> [WHAT THE TASK REQUIRES]:
Repeat every record exactly, omitting the pictures.

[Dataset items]
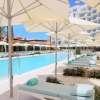 Отель Iberostar Selection Playa de Palma, фото 20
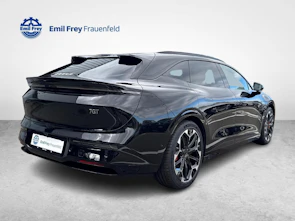 image du véhicule ZEEKR 7GT Privilege Launch Edition AWD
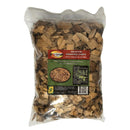 Outdoor Magic Chipsy do palenia 1kg worek
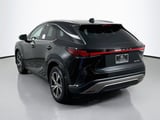 2026 Lexus RX - Preview 7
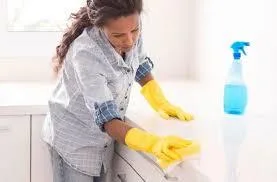 Bond Cleaning Helensvale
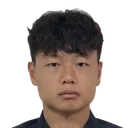 Huang Feihong
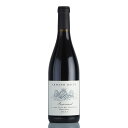 アルマン ハイツ ポマール プルミエ クリュ クロ デ プチュール モノポール 2021 正規品 Armand Heitz Pommard Clos des Poutures Monopole フランス ブルゴーニュ 赤ワイン【夏ギフト対象】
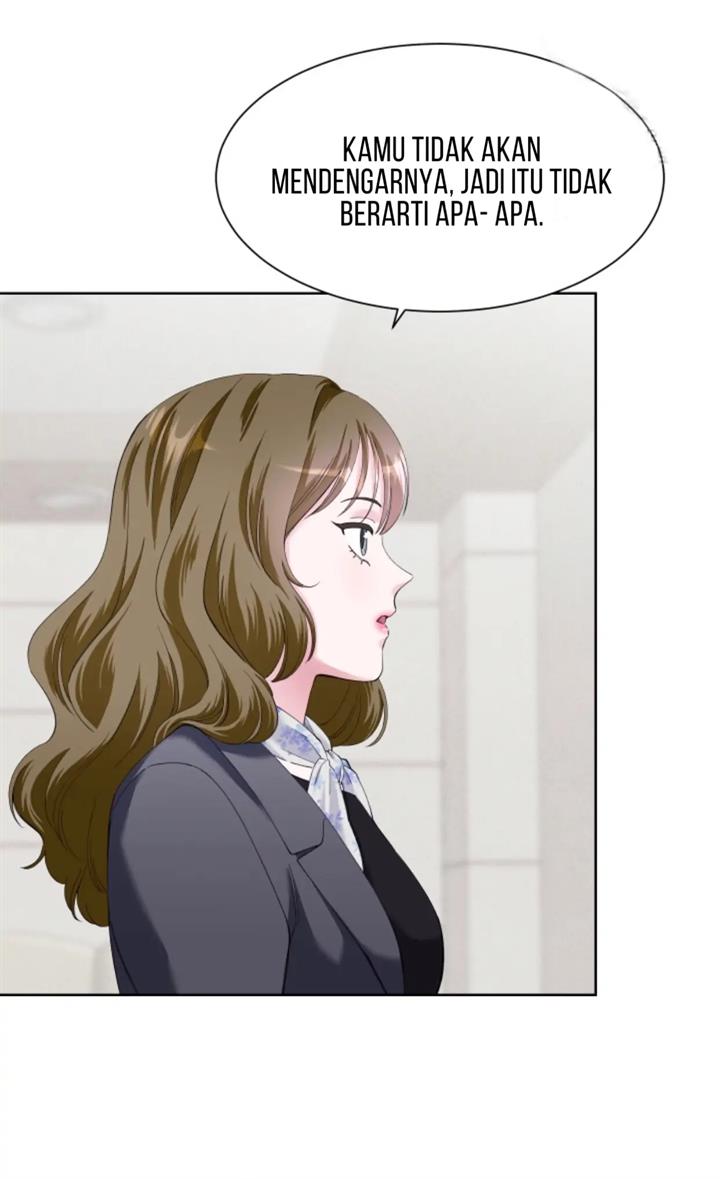 pure-love-of-a-man - Chapter: 43
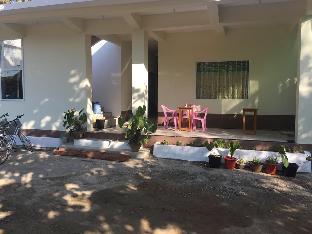 Golden Queen Guest House,Near Ngapali Beach,3 star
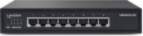 LANCOM GS-1108 - Switch - 8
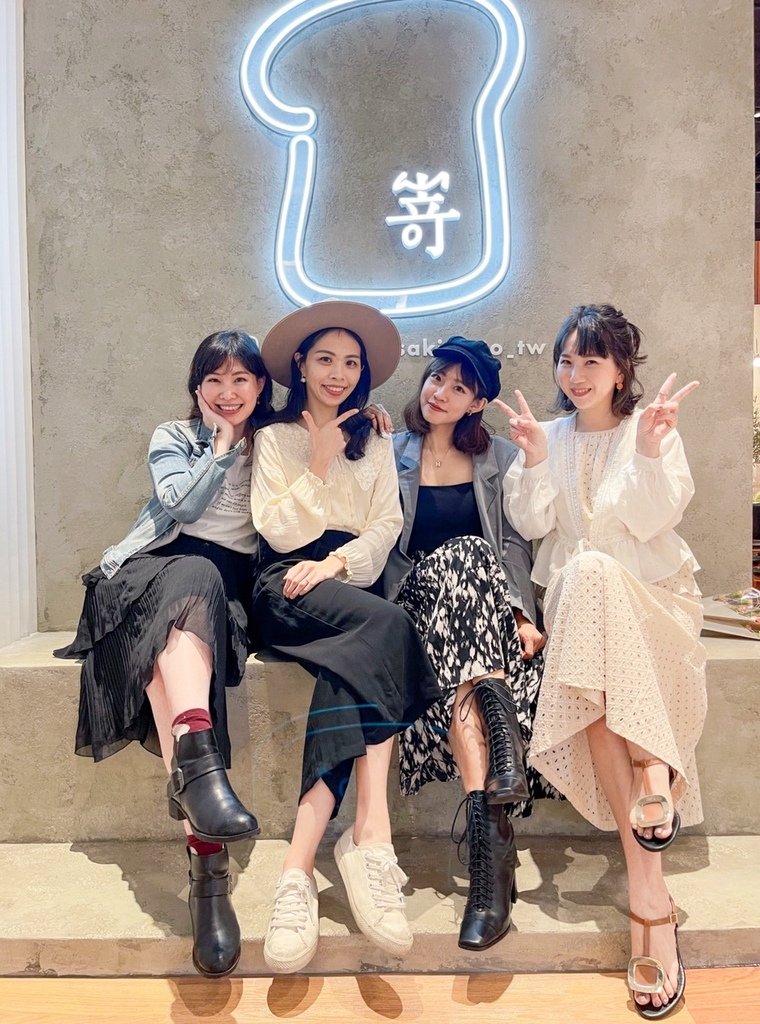 S__128958598.jpg S__128958598.jpg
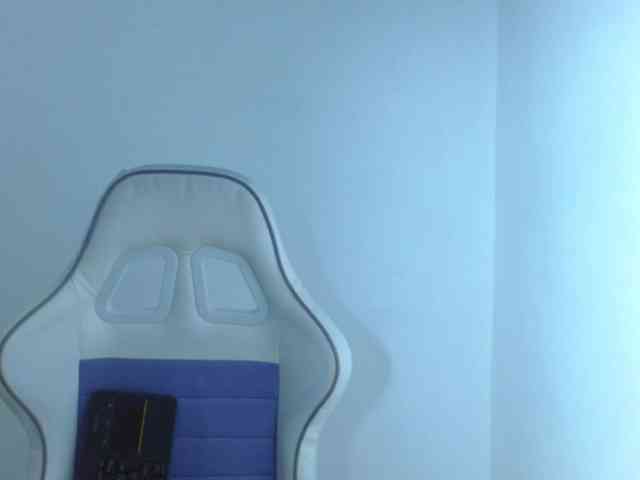 Emilyht webcam
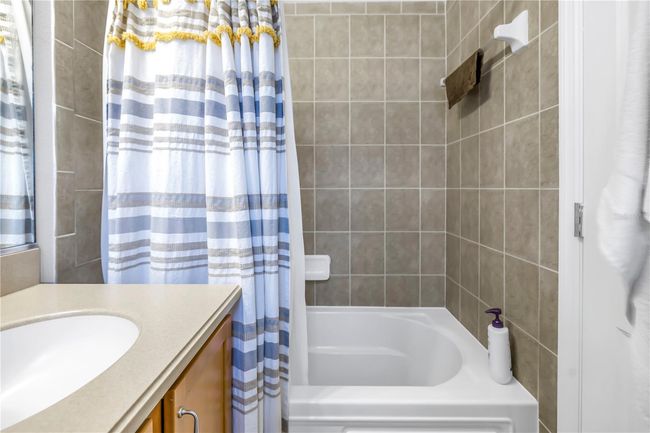 551 Bahia Beach Blvd, Townhouse with 2 bedrooms, 3 bathrooms and null parking in RUSKIN FL | Image 40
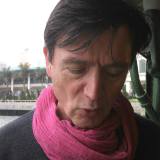 Photo de profil de Philippe Pottier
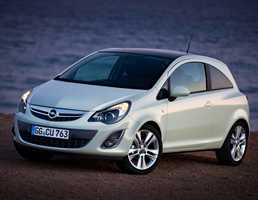 2011 HOLDEN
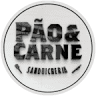 Pão e Carne Cozinha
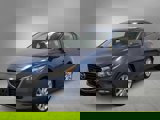 Used 2017 MAZDA MAZDA3 Touring image 4
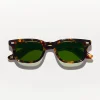 1726-klutz-sun-1.webp KLUTZ SUN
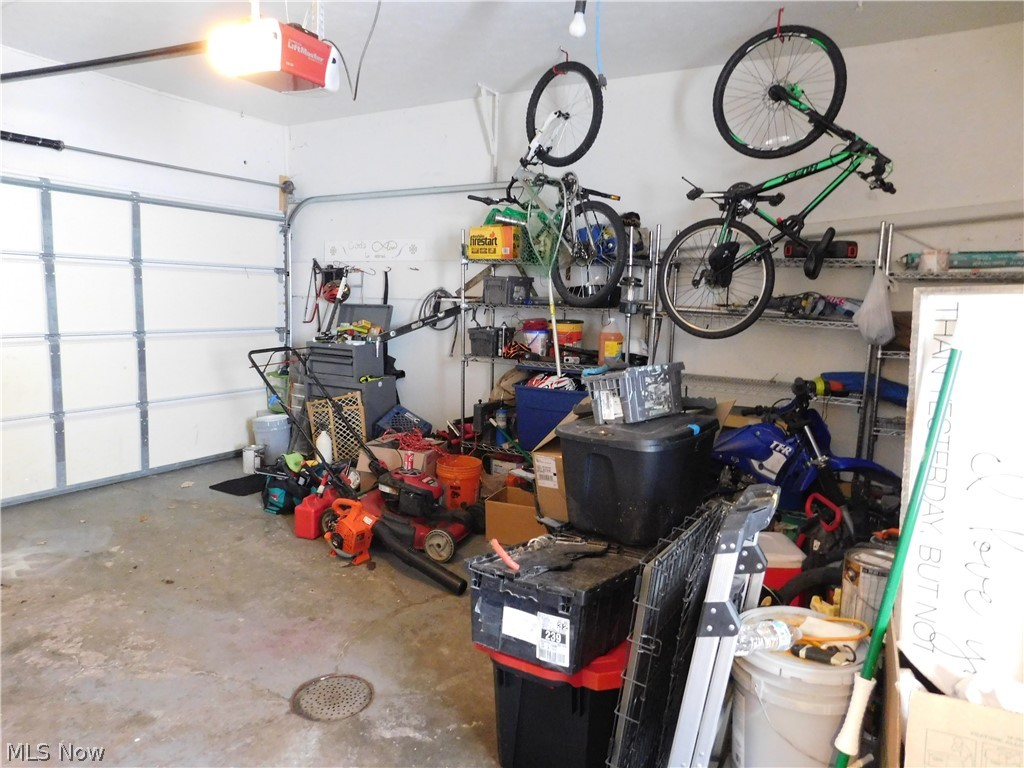 Tree Lane 02 - Residential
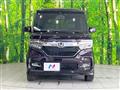 2020 Honda N BOX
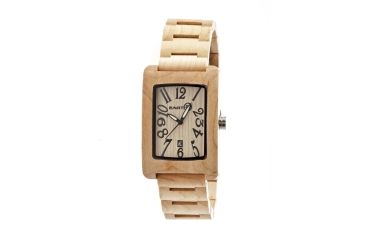 Image of Earth Ew2601 Trunk Watch ETHEW2601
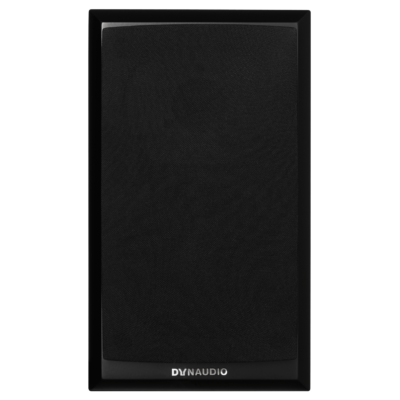 Dynaudio Emit M10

> [OUTPUT OF THE EXERCISE]:
 Отель Iberostar Selection Playa de Palma, фото 20
 image du véhicule ZEEKR 7GT Privilege Launch Edition AWD
 Outdoor Magic Chipsy do palenia 1kg worek
 2026 Lexus RX - Preview 7
 Bond Cleaning Helensvale
 Huang Feihong
 アルマン ハイツ ポマール プルミエ クリュ クロ デ プチュール モノポール 2021 正規品 Armand Heitz Pommard Clos des Poutures Monopole フランス ブルゴーニュ 赤ワイン【夏ギフト対象】
 pure-love-of-a-man - Chapter: 43
 Golden Queen Guest House,Near Ngapali Beach,3 star
 LANCOM GS-1108 - Switch - 8
 S__128958598.jpg S__128958598.jpg
 Emilyht webcam
 551 Bahia Beach Blvd, Townhouse with 2 bedrooms, 3 bathrooms and null parking in RUSKIN FL | Image 40
 Photo de profil de Philippe Pottier
 2011 HOLDEN
 Pão e Carne Cozinha
 Used 2017 MAZDA MAZDA3 Touring image 4
 1726-klutz-sun-1.webp KLUTZ SUN
 Tree Lane 02 - Residential
 2020 Honda N BOX
 Image of Earth Ew2601 Trunk Watch ETHEW2601
 Dynaudio Emit M10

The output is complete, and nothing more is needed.